*ABOUT THIS EXERCISE:* Pictures aside, output each record exactly.

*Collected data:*
***

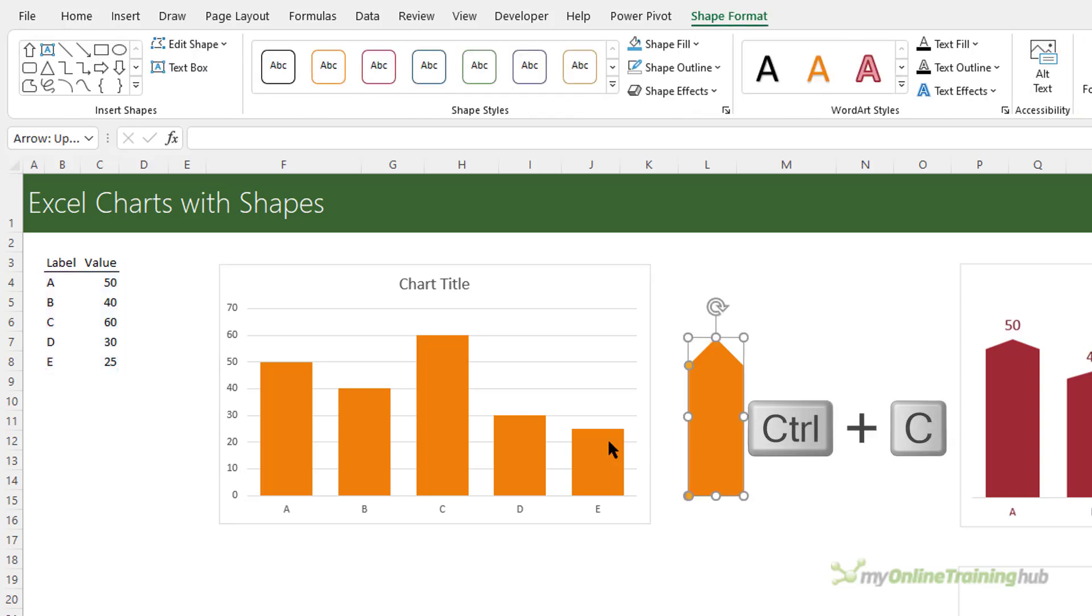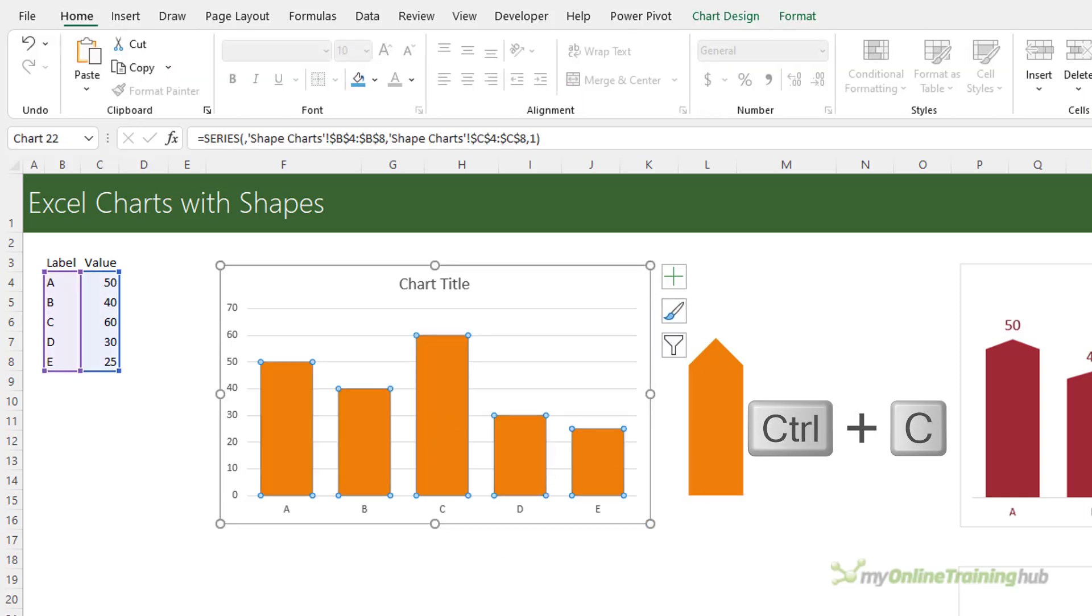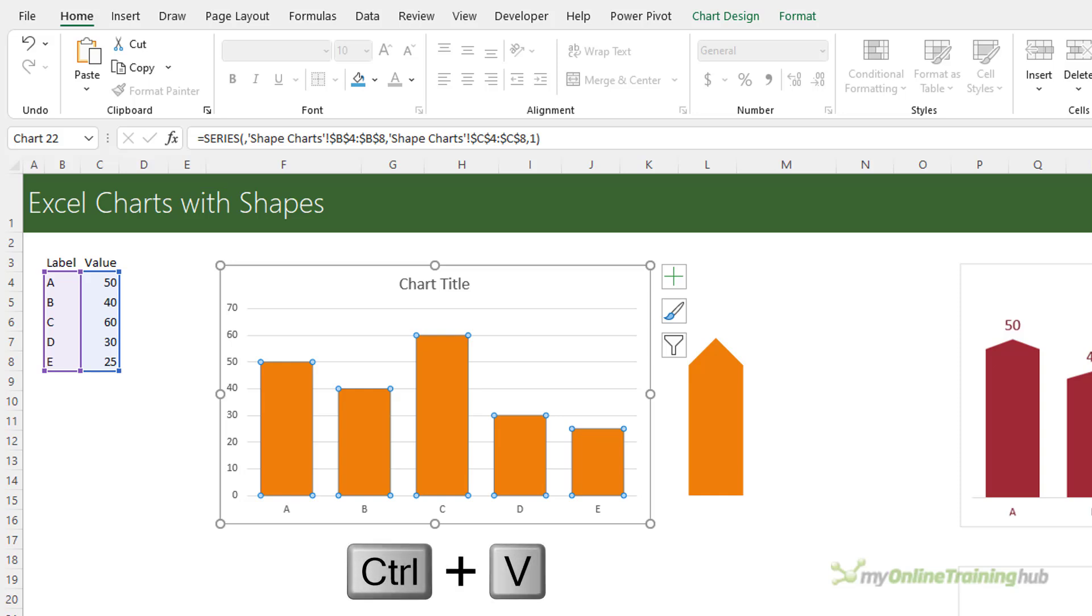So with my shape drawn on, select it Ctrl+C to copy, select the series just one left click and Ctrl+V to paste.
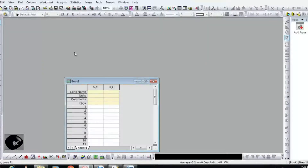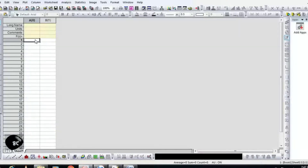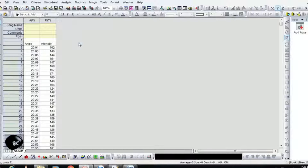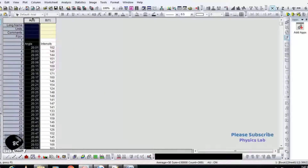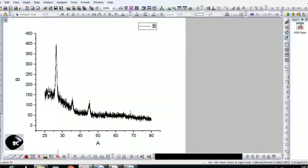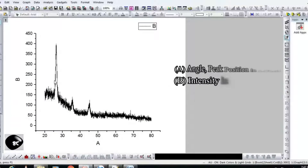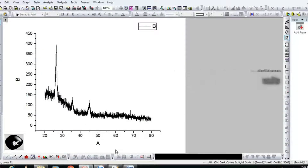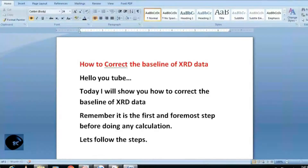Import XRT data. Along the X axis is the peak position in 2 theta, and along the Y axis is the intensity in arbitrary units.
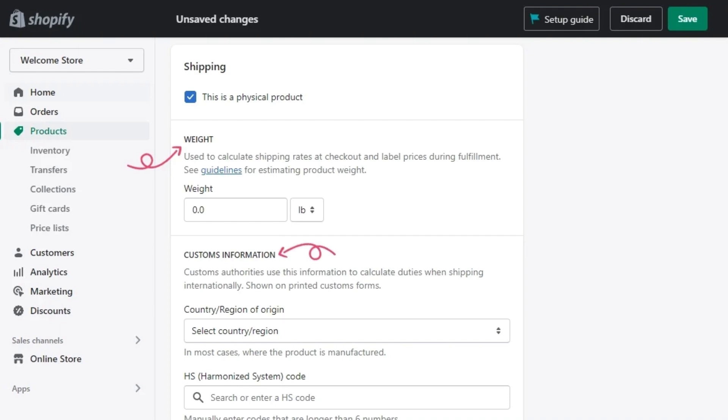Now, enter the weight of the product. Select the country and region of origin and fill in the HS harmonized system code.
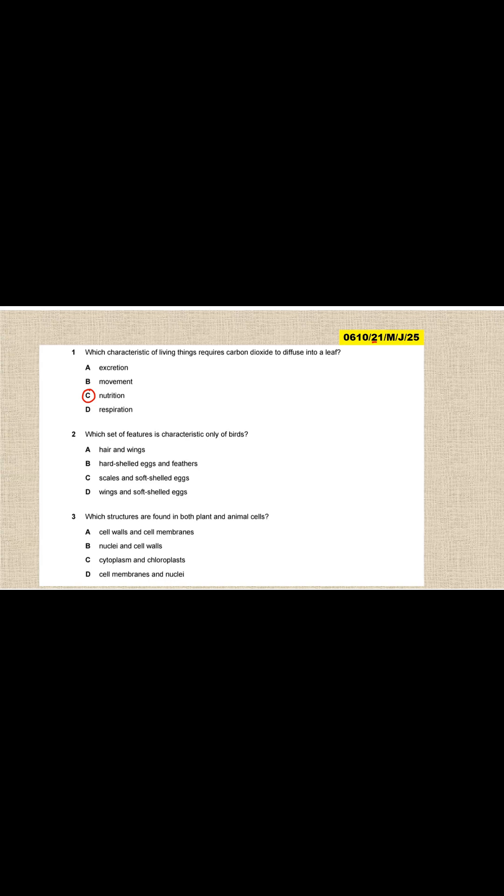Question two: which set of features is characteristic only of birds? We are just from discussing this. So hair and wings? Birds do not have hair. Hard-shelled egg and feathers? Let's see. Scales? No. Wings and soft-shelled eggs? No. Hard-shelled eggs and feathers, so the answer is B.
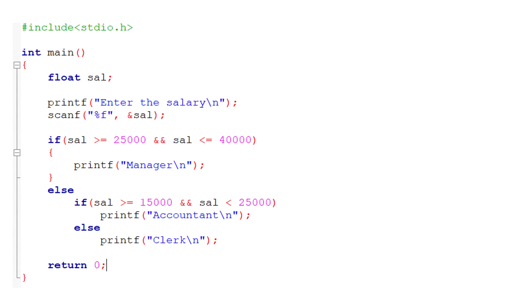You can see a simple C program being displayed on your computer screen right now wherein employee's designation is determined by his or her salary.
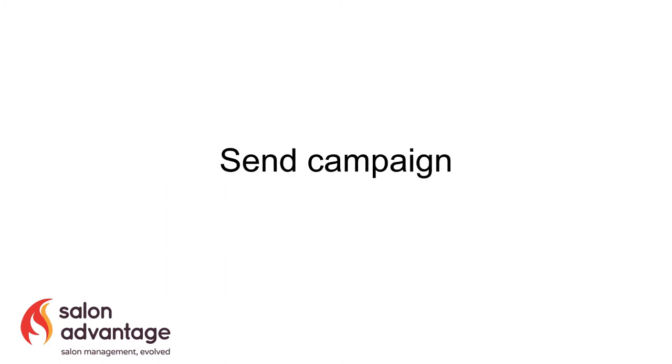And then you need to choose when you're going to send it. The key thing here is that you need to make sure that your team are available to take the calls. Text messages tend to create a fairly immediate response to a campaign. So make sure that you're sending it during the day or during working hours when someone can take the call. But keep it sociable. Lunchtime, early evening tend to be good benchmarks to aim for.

***

*PROBLEM SOLUTION:*
So with my shape drawn on, select it Ctrl+C to copy, select the series just one left click and Ctrl+V to paste.
Import XRT data. Along the X axis is the peak position in 2 theta, and along the Y axis is the intensity in arbitrary units.
Now, enter the weight of the product. Select the country and region of origin and fill in the HS harmonized system code.
Question two: which set of features is characteristic only of birds? We are just from discussing this. So hair and wings? Birds do not have hair. Hard-shelled egg and feathers? Let's see. Scales? No. Wings and soft-shelled eggs? No. Hard-shelled eggs and feathers, so the answer is B.
You can see a simple C program being displayed on your computer screen right now wherein employee's designation is determined by his or her salary.
And then you need to choose when you're going to send it. The key thing here is that you need to make sure that your team are available to take the calls. Text messages tend to create a fairly immediate response to a campaign. So make sure that you're sending it during the day or during working hours when someone can take the call. But keep it sociable. Lunchtime, early evening tend to be good benchmarks to aim for.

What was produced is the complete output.